Activity: Set down, exactly as written, every line from the top of the records below to the line containing "Revisions of rpms/arcmsr-kmod/sme7/Makefile", both ends included, and no others.

* * * * *

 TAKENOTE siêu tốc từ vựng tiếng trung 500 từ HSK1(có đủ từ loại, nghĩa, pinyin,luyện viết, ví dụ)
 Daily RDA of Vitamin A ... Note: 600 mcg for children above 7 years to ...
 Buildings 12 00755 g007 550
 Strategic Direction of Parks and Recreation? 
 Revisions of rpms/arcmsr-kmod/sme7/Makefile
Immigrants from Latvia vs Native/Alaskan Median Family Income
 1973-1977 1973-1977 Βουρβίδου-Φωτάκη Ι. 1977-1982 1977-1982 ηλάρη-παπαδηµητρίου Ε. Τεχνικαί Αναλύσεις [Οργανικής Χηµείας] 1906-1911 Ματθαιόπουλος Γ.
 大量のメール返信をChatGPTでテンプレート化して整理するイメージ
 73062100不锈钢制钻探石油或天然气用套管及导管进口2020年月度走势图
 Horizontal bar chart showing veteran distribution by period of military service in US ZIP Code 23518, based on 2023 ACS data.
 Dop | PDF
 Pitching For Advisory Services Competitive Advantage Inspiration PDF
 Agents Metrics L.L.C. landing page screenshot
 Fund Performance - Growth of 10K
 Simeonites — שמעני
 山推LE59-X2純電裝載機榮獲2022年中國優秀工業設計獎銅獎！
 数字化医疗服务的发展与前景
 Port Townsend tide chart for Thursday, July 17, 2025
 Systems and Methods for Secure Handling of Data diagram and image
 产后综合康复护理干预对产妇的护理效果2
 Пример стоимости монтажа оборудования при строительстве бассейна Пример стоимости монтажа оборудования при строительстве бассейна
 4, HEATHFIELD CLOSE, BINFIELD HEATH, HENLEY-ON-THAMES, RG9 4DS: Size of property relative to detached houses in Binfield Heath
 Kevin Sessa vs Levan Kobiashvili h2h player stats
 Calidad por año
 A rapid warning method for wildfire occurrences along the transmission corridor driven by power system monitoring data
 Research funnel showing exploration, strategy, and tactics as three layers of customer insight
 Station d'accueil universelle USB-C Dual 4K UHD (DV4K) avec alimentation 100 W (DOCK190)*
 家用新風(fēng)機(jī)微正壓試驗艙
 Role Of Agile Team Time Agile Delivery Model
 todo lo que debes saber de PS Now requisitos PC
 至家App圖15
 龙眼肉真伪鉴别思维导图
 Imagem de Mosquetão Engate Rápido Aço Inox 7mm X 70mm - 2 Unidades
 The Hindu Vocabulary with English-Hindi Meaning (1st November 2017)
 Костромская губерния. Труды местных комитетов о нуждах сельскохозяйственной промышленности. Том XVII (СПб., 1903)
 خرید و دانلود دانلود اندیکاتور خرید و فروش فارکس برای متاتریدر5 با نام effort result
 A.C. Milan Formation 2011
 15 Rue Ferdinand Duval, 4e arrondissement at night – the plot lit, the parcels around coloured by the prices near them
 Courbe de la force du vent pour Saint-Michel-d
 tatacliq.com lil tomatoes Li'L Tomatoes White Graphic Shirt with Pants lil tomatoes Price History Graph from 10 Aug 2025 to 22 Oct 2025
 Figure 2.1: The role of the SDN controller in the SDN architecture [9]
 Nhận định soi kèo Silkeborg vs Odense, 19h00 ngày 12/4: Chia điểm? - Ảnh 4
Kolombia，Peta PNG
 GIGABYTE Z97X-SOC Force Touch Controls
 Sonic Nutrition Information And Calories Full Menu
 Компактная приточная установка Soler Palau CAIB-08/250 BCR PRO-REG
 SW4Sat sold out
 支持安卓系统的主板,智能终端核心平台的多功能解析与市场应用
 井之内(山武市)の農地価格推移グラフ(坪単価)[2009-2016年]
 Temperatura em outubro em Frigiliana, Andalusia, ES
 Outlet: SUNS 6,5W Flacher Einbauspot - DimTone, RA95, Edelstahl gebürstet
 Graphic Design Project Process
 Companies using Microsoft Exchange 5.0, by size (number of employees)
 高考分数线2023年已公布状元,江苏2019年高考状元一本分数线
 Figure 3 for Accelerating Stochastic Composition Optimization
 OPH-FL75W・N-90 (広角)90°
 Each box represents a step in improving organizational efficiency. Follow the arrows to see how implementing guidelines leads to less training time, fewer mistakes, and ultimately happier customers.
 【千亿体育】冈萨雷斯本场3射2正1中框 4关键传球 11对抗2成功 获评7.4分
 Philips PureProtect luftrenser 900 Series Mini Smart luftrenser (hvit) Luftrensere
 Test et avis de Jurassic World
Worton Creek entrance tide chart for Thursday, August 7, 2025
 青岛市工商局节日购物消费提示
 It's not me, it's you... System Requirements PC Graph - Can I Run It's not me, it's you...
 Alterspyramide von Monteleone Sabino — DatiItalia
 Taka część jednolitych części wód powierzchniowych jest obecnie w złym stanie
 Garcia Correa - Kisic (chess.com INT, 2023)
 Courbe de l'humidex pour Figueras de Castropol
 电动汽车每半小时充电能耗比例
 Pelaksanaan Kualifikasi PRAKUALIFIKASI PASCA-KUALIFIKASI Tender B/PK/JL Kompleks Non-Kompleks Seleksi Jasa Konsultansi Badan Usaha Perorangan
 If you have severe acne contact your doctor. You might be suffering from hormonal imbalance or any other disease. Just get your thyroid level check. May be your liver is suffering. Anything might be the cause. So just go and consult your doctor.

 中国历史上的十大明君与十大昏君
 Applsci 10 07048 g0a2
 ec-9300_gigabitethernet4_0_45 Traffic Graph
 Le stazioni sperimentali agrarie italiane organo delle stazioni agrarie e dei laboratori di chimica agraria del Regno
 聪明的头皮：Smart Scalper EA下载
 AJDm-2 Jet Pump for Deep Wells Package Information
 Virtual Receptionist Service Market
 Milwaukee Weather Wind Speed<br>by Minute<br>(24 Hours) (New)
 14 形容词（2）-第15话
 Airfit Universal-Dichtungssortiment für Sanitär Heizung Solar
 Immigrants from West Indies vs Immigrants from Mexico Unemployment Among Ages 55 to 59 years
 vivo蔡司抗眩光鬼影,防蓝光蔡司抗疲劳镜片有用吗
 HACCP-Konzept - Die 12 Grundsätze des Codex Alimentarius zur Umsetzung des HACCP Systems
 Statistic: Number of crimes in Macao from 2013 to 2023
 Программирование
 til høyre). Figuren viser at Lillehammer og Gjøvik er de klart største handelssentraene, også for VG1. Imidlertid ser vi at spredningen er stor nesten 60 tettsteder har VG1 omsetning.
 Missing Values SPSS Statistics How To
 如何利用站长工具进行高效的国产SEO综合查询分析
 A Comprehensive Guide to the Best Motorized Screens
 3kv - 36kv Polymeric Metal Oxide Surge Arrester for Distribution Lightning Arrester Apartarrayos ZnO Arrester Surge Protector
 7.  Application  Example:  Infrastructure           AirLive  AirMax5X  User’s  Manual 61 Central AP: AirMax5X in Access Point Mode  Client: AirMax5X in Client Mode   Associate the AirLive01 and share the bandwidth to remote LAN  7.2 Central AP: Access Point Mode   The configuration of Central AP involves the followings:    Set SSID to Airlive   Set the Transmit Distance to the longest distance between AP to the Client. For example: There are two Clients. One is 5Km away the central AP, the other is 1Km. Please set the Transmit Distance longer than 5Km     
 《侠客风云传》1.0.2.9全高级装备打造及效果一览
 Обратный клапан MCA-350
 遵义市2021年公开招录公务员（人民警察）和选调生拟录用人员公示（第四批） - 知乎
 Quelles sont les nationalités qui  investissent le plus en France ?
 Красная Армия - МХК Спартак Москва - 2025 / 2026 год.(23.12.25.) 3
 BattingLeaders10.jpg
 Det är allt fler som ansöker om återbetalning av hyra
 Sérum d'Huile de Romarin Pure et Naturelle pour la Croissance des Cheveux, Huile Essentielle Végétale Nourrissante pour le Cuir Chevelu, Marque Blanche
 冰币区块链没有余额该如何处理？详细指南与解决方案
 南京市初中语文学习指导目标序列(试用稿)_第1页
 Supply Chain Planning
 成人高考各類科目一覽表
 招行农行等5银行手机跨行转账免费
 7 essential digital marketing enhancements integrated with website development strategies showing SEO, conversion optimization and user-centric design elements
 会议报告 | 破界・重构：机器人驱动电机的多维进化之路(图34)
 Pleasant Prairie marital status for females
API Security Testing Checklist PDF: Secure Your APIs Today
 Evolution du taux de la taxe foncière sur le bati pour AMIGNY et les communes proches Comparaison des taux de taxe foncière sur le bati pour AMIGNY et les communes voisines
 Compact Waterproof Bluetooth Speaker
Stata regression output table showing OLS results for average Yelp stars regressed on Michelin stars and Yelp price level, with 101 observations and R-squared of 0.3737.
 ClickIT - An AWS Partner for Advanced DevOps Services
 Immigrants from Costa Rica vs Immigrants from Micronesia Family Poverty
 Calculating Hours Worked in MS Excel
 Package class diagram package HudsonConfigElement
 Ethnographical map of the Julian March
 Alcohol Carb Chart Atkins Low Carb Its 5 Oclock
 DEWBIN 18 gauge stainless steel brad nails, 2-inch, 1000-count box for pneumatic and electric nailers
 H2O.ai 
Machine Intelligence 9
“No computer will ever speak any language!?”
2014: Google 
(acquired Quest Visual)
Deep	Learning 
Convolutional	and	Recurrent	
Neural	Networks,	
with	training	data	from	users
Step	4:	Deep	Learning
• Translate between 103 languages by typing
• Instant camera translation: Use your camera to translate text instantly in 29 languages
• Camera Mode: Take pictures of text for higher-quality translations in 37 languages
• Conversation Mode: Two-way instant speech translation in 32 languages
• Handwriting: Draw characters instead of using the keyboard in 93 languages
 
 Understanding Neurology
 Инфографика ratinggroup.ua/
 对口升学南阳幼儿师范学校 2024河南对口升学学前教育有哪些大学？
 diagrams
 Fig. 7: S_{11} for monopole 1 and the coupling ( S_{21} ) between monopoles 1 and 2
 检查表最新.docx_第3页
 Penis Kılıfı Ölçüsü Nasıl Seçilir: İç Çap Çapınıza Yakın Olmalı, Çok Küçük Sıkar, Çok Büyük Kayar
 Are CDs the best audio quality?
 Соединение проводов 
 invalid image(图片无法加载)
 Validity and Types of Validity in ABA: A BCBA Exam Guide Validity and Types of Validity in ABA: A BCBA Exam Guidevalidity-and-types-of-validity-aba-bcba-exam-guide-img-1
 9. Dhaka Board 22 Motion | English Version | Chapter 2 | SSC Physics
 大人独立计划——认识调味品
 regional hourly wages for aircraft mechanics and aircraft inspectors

* * * * *

Worked solution:
 TAKENOTE siêu tốc từ vựng tiếng trung 500 từ HSK1(có đủ từ loại, nghĩa, pinyin,luyện viết, ví dụ)
 Daily RDA of Vitamin A ... Note: 600 mcg for children above 7 years to ...
 Buildings 12 00755 g007 550
 Strategic Direction of Parks and Recreation? 
 Revisions of rpms/arcmsr-kmod/sme7/Makefile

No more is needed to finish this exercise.